■ To do ■
Find, in the records below, the line that contains "Елена Новожилова (Объект" and the line that contains "South Wpg+Close to". Copy those two lines and everything between them exactly, but not the pictures.

■ Entries supplied ■
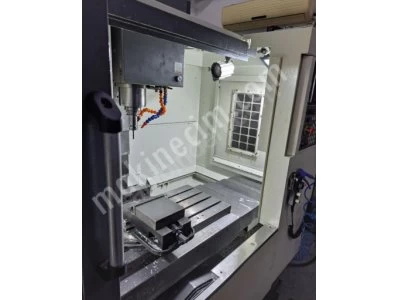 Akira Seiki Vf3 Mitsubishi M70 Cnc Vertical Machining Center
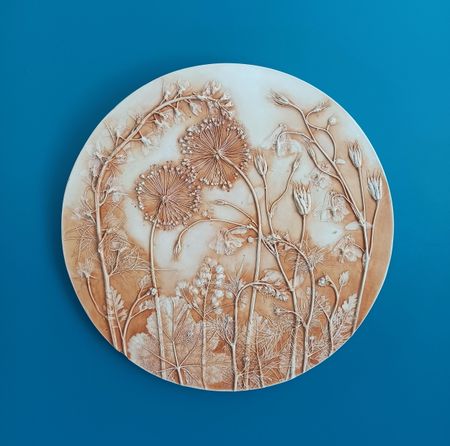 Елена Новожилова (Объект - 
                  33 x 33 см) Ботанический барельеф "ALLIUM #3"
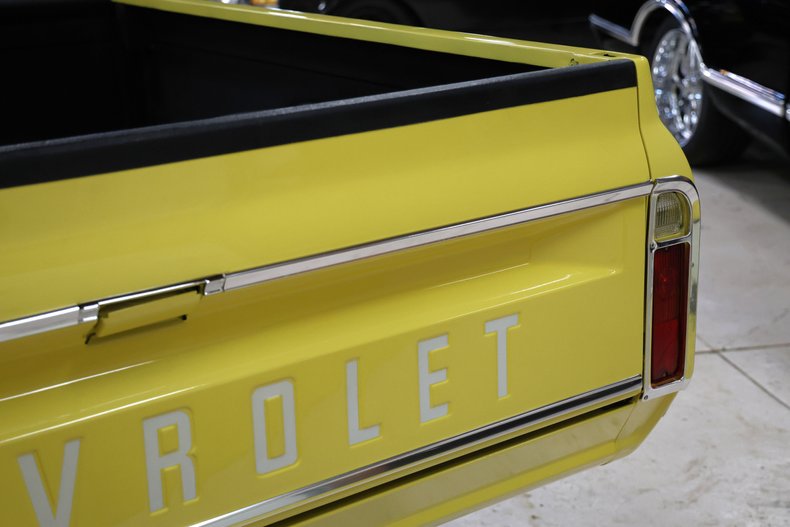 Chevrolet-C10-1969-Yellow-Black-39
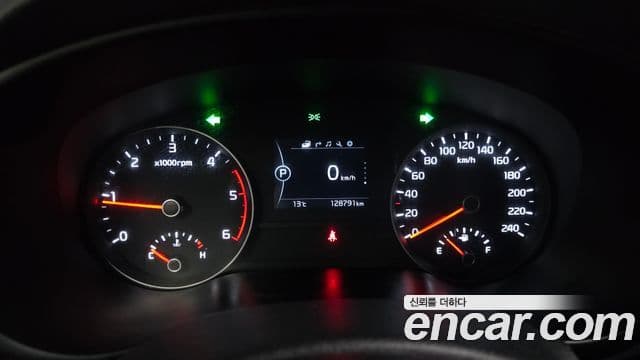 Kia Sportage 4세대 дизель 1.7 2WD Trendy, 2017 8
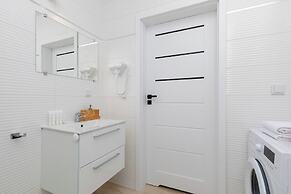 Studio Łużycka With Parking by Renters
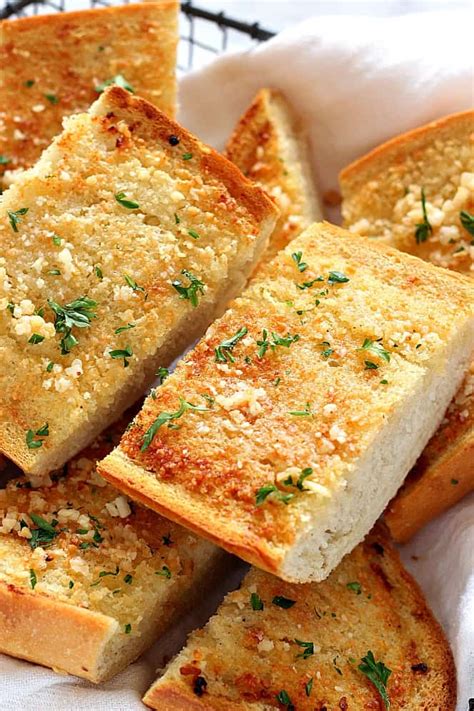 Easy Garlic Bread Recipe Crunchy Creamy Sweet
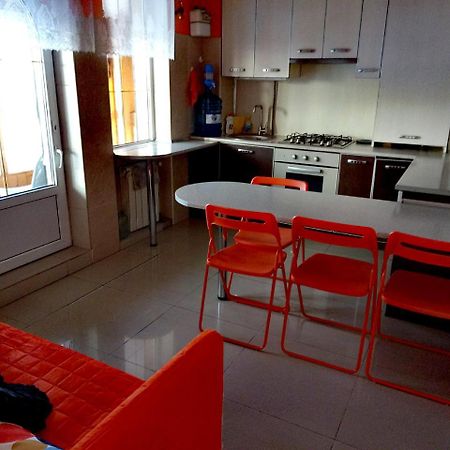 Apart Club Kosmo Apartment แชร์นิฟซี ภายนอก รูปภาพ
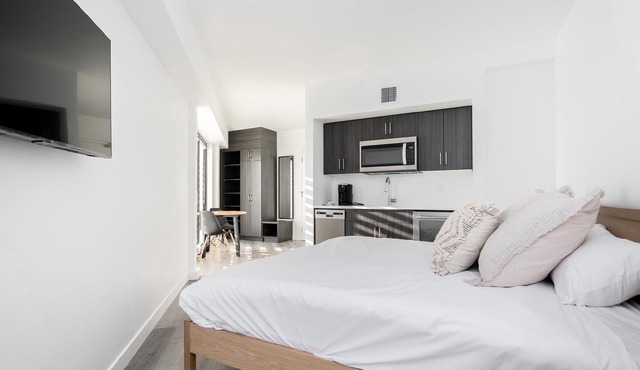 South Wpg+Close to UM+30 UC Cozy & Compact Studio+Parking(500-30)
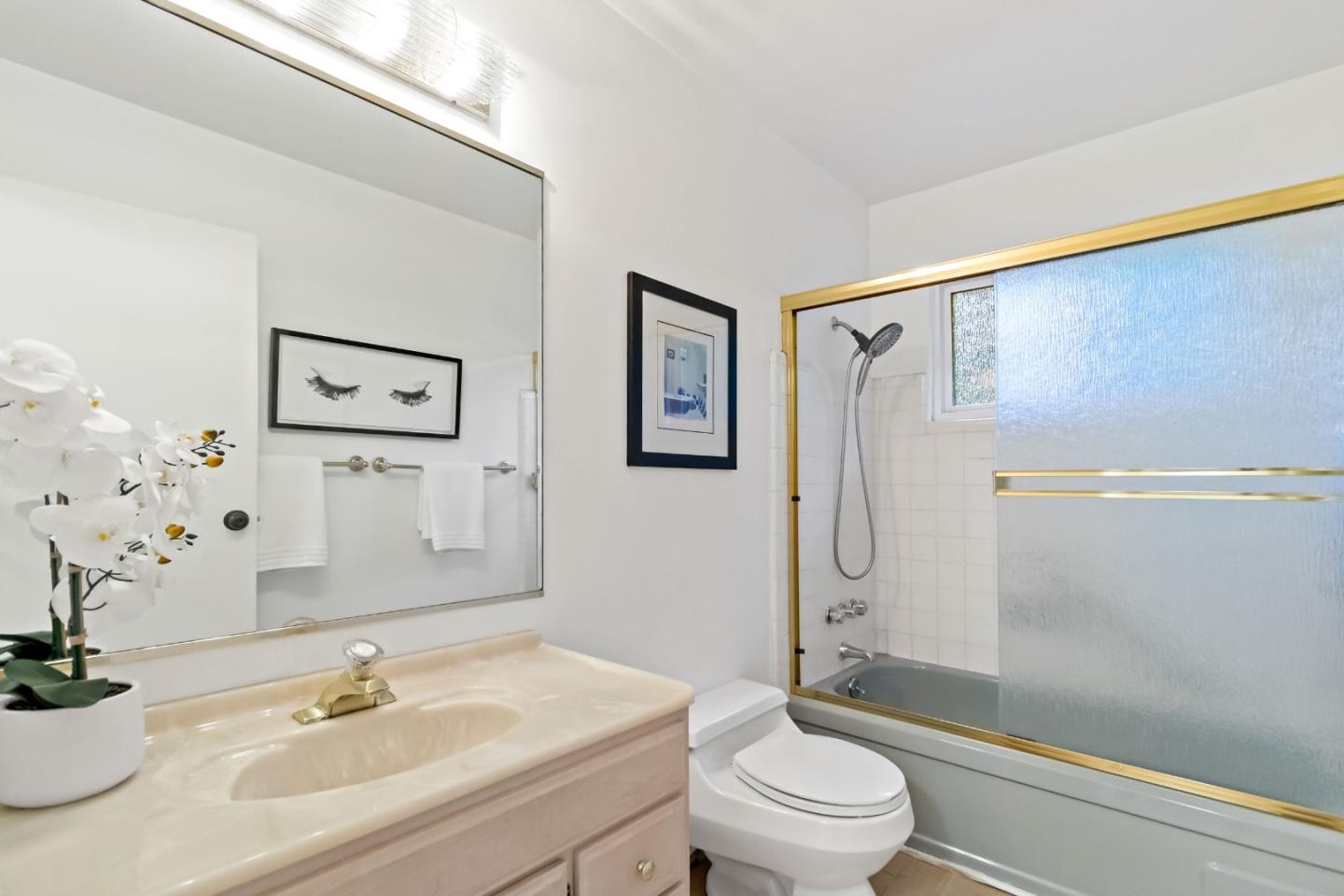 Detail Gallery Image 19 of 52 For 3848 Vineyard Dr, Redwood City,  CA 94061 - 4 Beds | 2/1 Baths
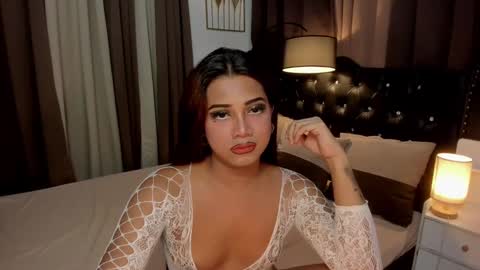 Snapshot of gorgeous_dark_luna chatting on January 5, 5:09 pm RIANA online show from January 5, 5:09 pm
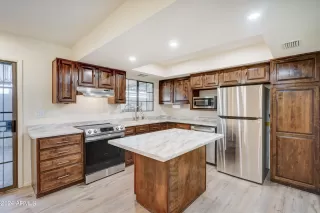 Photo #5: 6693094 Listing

==

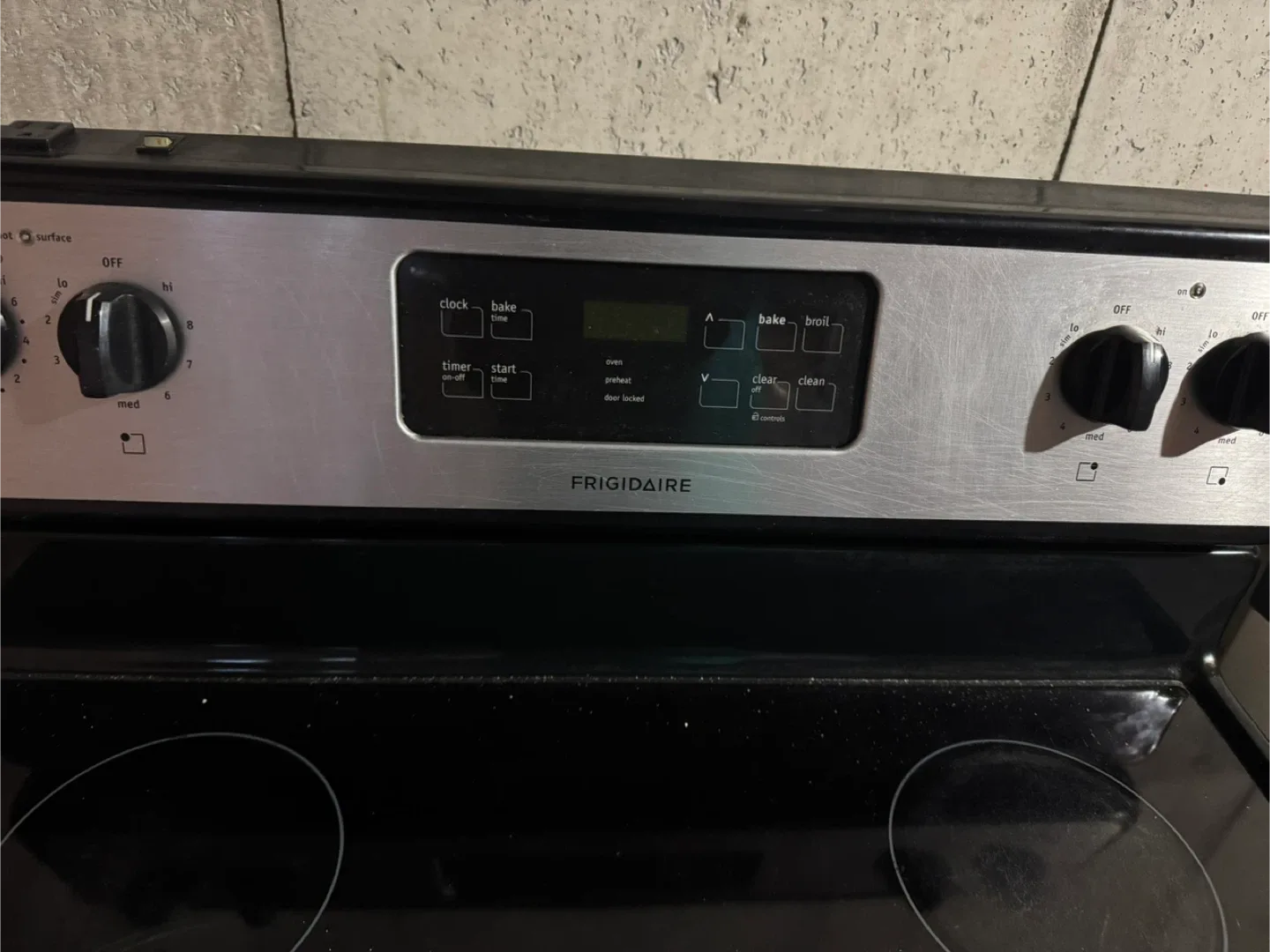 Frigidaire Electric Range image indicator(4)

■ Reply to the exercise ■
 Елена Новожилова (Объект - 
                  33 x 33 см) Ботанический барельеф "ALLIUM #3"
 Chevrolet-C10-1969-Yellow-Black-39
 Kia Sportage 4세대 дизель 1.7 2WD Trendy, 2017 8
 Studio Łużycka With Parking by Renters
 Easy Garlic Bread Recipe Crunchy Creamy Sweet
 Apart Club Kosmo Apartment แชร์นิฟซี ภายนอก รูปภาพ
 South Wpg+Close to UM+30 UC Cozy & Compact Studio+Parking(500-30)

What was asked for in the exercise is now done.